▸ Exercise prompt: Lines from the one containing "joie des joueuses" through the last line of the records below need to be repeated exactly; nothing else, and no pictures.

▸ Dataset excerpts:
====================
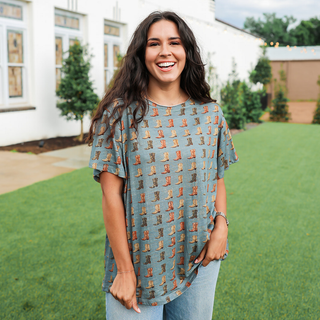 Blue-gray t-shirt with boot pattern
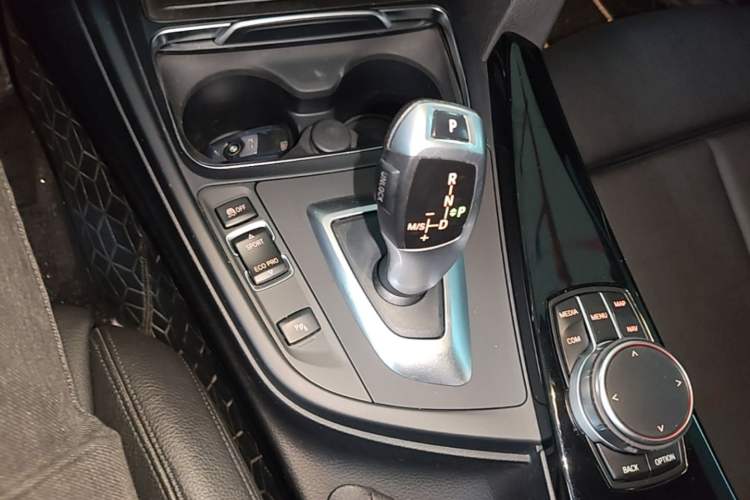 Used BMW 3 Series GT 2019 320i M Sport Package Gear Lever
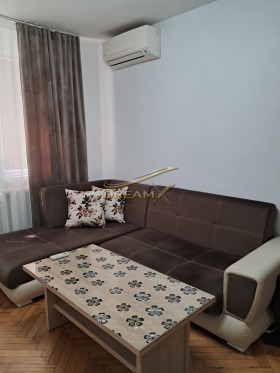 3-СТАЕН, 70 m2 - Holmes.bg 3-СТАЕН, 70 m2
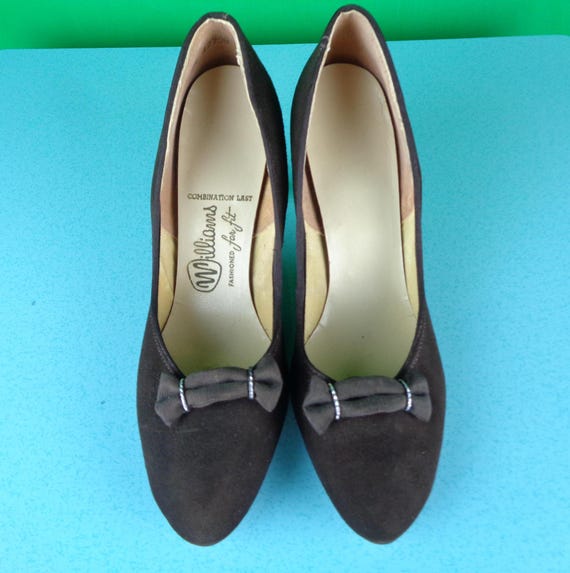 Vintage Retro Pumps Shoes Heels 1950s 1960s Mid Century Brown Suede Leather CAN US 6 Wedding Party Evening Formal Gift Designer Accessorie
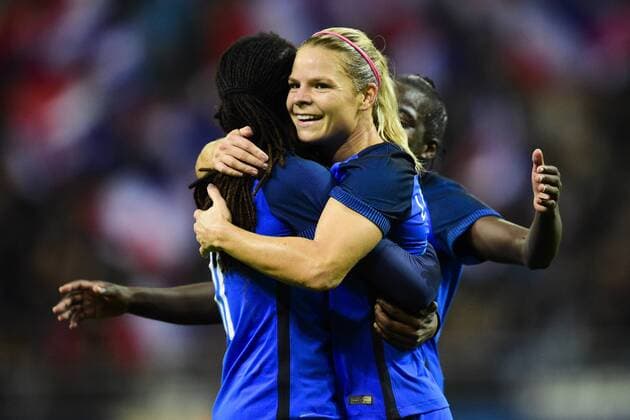 joie des joueuses de l equipe de France apres le but de Eugenie Le Sommer France FOOTBALL France vs Ghana feminine amical Reims 23 10 2017 JBAutissier Panoramic 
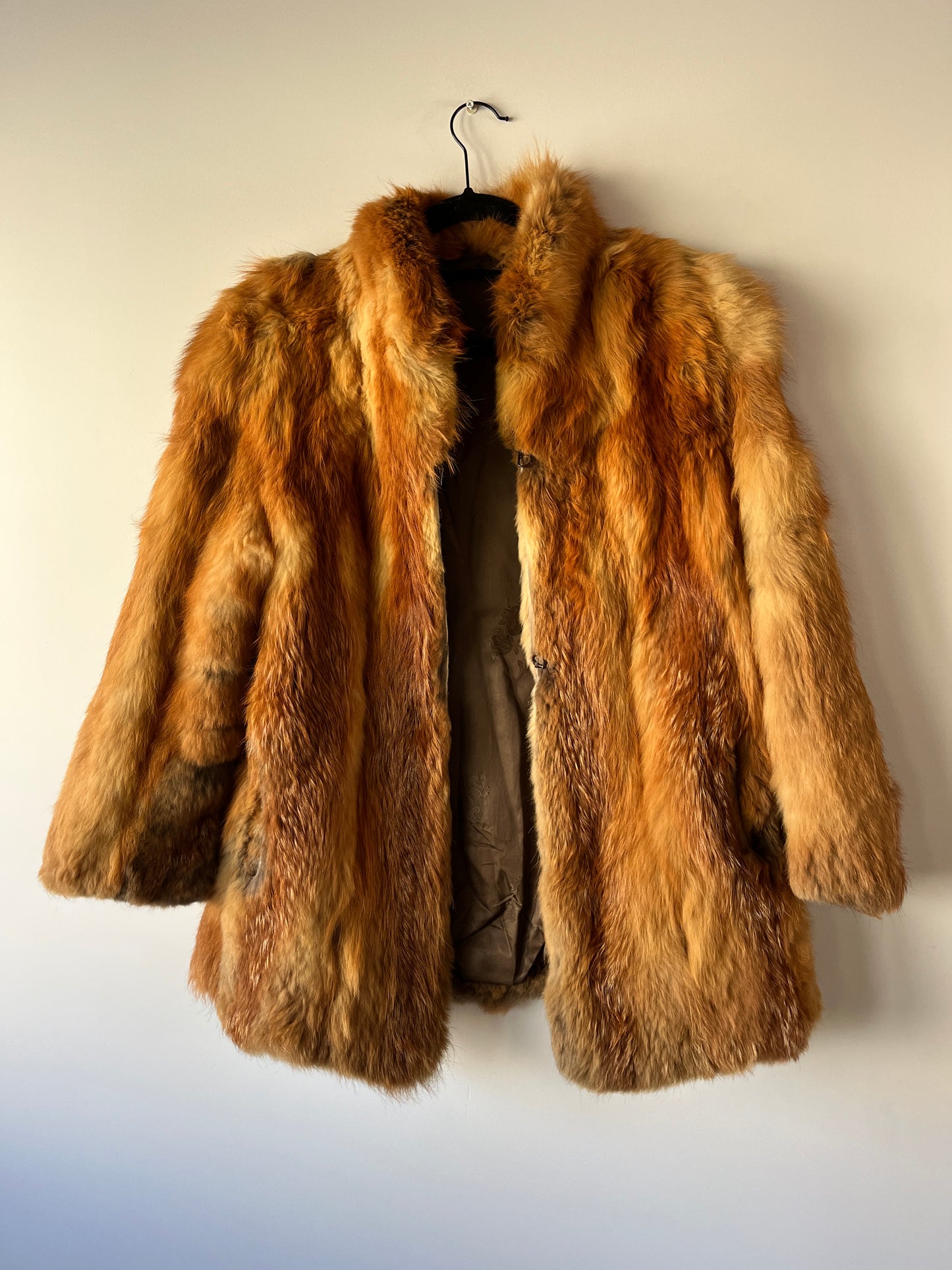 Manteau en fourrure roux doré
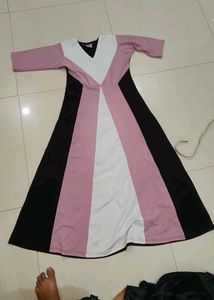 Color Block V-Neck Maxi Dress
====================
▸ Exercise answer:
 joie des joueuses de l equipe de France apres le but de Eugenie Le Sommer France FOOTBALL France vs Ghana feminine amical Reims 23 10 2017 JBAutissier Panoramic 
 Manteau en fourrure roux doré
 Color Block V-Neck Maxi Dress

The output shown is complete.